Exercise prompt: Every line in the data below from the one containing "Vintage '94 Chicago" down to the one containing "2017 MERCEDES-BENZ GLC 300 — Фото 5 из 13", both included, must be retyped exactly; no other line is to appear.
The input Start Marker
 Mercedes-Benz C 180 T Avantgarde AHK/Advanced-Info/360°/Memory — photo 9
The input End Marker
The input Start Marker
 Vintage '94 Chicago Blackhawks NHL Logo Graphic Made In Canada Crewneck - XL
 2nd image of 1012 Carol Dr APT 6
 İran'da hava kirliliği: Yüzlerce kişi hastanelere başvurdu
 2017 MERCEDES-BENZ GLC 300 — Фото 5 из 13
The input End Marker
The input Start Marker
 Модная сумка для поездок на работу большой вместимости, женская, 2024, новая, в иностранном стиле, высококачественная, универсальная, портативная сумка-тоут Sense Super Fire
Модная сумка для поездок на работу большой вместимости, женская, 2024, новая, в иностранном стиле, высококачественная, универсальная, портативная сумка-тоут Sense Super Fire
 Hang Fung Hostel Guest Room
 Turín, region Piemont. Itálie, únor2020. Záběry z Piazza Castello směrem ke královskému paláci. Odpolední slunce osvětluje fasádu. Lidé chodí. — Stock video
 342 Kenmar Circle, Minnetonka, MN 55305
The input End Marker
Solution to this exercise:
 Vintage '94 Chicago Blackhawks NHL Logo Graphic Made In Canada Crewneck - XL
 2nd image of 1012 Carol Dr APT 6
 İran'da hava kirliliği: Yüzlerce kişi hastanelere başvurdu
 2017 MERCEDES-BENZ GLC 300 — Фото 5 из 13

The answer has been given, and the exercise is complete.